5. Hardcoded API Keys

# ❌ WRONG
pc = Pinecone(api_key="pc-abc123...")

# ✅ CORRECT
pc = Pinecone(api_key=os.getenv("PINECONE_API_KEY"))

6. Using SDK for Administrative Tasks (wrong tool)

# ❌ WRONG - Don't use SDK for admin operations in application code
if not pc.has_index("my-index"):
    pc.create_index_for_model(
        name="my-index",
        cloud="aws",
        region="us-east-1",
        embed={
            "model": "llama-text-embed-v2",
            "field_map": {"text": "content"}
        }
    )  # DON'T DO THIS IN APPLICATION CODE

pc.delete_index("my-index")  # DON'T DO THIS
pc.configure_index("my-index", replicas=3)  # DON'T DO THIS

# ✅ CORRECT - Use CLI in terminal for all admin tasks
# Terminal commands (run these OUTSIDE your application, during setup):
#
#   pc index create --name my-index --dimension 1536 --metric cosine \
#     --cloud aws --region us-east-1 \
#     --model llama-text-embed-v2 \
#     --field_map text=content
#
#   pc index delete --name my-index
#   pc index configure --name my-index --replicas 3

# SDK is ONLY for runtime checks and data operations in application code:
if pc.has_index("my-index"):  # ✅ OK - runtime check
    index = pc.Index("my-index")  # ✅ OK - get reference
    stats = index.describe_index_stats()  # ✅ OK - monitoring

# If you don't have CLI access, SDK is acceptable as fallback (but not ideal):
# if not pc.has_index("my-index"):
#     pc.create_index_for_model(...)  # Acceptable only if CLI unavailable
Why this is critical:
  • Admin operations are one-time setup tasks, not application logic
  • Mixing setup and runtime code makes applications fragile
  • CLI provides better error messages and interactive feedback
  • Prevents accidental index deletion in production code

Key Constraints

ConstraintLimitNotes
Metadata per record40KBFlat JSON only, no nested objects
Text batch size96 recordsAlso 2MB total per batch
Vector batch size1000 recordsAlso 2MB total per batch
Query response size4MBPer query response
Metadata typesstrings, ints, floats, bools, string listsNo nested structures
ConsistencyEventually consistentWait ~1-5s after upsert

Error Handling (Production)

Error Types

  • 4xx (client errors): Fix your request - DON’T retry (except 429)
  • 429 (rate limit): Retry with exponential backoff
  • 5xx (server errors): Retry with exponential backoff

Simple Retry Pattern

import time
from pinecone.exceptions import PineconeException

def exponential_backoff_retry(func, max_retries=5):
    for attempt in range(max_retries):
        try:
            return func()
        except PineconeException as e:
            status_code = getattr(e, 'status', None)

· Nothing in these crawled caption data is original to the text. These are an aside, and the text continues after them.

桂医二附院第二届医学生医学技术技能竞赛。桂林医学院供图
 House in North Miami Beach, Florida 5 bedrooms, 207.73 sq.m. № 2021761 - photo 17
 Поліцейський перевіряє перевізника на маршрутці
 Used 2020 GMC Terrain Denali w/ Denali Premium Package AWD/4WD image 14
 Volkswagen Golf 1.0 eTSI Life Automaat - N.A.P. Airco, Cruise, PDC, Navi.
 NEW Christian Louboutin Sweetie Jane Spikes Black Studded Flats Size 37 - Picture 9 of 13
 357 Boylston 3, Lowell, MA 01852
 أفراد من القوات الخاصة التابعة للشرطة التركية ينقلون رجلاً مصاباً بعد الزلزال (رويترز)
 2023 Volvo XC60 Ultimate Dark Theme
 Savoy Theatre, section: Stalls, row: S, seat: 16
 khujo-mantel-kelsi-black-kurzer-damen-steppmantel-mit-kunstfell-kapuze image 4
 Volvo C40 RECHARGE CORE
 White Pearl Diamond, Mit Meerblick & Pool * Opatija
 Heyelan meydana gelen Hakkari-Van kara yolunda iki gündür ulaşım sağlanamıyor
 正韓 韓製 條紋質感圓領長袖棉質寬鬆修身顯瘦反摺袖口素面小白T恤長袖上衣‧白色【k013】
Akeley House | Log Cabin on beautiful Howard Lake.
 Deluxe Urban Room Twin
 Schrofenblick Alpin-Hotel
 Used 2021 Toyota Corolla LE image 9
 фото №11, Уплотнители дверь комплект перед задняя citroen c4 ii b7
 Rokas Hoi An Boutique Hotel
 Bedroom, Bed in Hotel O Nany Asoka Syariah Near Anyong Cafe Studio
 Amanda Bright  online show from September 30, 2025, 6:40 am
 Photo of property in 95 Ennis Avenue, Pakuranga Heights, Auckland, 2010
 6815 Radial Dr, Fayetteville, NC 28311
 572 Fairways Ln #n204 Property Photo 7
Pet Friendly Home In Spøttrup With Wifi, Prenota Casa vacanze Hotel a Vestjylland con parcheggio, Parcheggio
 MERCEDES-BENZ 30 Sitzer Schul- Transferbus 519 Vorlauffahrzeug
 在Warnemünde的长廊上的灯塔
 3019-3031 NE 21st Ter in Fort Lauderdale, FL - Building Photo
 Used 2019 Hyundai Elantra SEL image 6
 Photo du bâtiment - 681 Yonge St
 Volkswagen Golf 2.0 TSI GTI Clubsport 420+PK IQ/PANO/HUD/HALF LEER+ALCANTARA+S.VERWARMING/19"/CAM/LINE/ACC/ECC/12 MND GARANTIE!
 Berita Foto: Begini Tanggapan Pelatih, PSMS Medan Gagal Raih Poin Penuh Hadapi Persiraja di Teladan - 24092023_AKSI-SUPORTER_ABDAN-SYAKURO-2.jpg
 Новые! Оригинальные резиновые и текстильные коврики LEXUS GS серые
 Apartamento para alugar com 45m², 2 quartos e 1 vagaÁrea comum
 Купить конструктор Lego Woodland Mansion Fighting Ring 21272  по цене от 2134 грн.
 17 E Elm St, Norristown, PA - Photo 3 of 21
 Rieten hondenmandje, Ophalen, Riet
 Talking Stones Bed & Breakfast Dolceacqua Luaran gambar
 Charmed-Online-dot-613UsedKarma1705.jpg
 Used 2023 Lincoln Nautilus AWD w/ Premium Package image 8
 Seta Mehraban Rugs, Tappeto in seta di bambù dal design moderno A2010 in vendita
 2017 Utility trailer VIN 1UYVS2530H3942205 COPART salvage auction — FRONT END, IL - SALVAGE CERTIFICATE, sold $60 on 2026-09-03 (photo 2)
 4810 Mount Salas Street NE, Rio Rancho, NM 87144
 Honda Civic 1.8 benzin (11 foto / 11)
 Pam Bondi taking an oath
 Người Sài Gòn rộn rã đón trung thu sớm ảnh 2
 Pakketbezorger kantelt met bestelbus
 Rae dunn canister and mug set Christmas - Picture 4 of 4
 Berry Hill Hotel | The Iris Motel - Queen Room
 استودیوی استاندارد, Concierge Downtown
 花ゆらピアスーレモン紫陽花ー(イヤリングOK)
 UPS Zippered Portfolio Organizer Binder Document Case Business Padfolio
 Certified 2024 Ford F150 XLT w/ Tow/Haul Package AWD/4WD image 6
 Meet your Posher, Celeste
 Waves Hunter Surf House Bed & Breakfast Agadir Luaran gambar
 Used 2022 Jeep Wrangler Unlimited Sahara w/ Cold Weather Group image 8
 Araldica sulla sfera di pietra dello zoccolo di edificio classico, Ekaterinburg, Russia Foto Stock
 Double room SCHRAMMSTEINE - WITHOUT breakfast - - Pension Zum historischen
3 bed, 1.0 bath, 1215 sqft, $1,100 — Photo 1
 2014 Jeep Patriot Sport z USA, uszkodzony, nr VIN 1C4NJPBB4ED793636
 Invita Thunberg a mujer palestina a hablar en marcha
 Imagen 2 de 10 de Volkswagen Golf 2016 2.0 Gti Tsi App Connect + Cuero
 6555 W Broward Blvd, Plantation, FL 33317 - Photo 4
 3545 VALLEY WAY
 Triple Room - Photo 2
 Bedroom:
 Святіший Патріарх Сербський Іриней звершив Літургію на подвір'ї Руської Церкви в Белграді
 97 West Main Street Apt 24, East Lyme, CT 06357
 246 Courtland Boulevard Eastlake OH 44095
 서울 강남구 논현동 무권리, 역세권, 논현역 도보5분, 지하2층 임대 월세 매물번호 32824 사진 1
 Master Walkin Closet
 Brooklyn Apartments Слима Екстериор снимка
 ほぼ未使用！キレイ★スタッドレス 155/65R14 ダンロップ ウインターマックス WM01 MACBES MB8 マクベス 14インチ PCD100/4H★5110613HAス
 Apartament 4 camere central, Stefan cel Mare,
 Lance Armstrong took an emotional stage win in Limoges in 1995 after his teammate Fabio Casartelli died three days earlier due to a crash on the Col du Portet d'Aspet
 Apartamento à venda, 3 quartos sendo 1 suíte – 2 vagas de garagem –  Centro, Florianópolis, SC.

            # Only retry transient errors
            if status_code and (status_code >= 500 or status_code == 429):
                if attempt < max_retries - 1:
                    delay = min(2 ** attempt, 60)  # Exponential backoff, cap at 60s
                    time.sleep(delay)
                else:
                    raise
            else:
                raise  # Don't retry client errors (4xx except 429)

# Usage
exponential_backoff_retry(lambda: index.upsert_records(namespace, records))

Common Operations Cheat Sheet

Index Management

⚠️ Important: For administrative tasks (create, configure, delete indexes), prefer the Pinecone CLI over the SDK. Use the SDK only when you need to check index existence or get stats programmatically in your application code. Use CLI for these operations:
# Create index with integrated embeddings (recommended, one-time setup)
pc index create --name my-index --dimension 1536 --metric cosine \
  --cloud aws --region us-east-1 \
  --model llama-text-embed-v2 \
  --field_map text=content

# Create serverless index without integrated embeddings (if you need custom embeddings)
pc index create-serverless --name my-index --dimension 1536 --metric cosine \
  --cloud aws --region us-east-1

# List indexes
pc index list

# Describe index
pc index describe --name my-index

# Configure index
pc index configure --name my-index --replicas 3

# Delete index
pc index delete --name my-index
Use SDK only for programmatic checks in application code:
# Check if index exists (in application startup)
if pc.has_index("my-index"):
    index = pc.Index("my-index")

# Get stats (for monitoring/metrics)
stats = index.describe_index_stats()
print(f"Total vectors: {stats.total_vector_count}")
print(f"Namespaces: {list(stats.namespaces.keys())}")
❌ Avoid in application code:
# Don't create indexes in application code - use CLI instead
pc.create_index(...)  # Use: pc index create ...
pc.create_index_for_model(...)  # Use: pc index create ... (with --model flag)

# Don't delete indexes in application code - use CLI instead
pc.delete_index("my-index")  # Use: pc index delete --name my-index

# Don't configure indexes in application code - use CLI instead
pc.configure_index("my-index", replicas=3)  # Use: pc index configure ...

Data Operations

# Fetch records
result = index.fetch(namespace="ns", ids=["doc1", "doc2"])
for record_id, record in result.vectors.items():
    print(f"{record_id}: {record.values}")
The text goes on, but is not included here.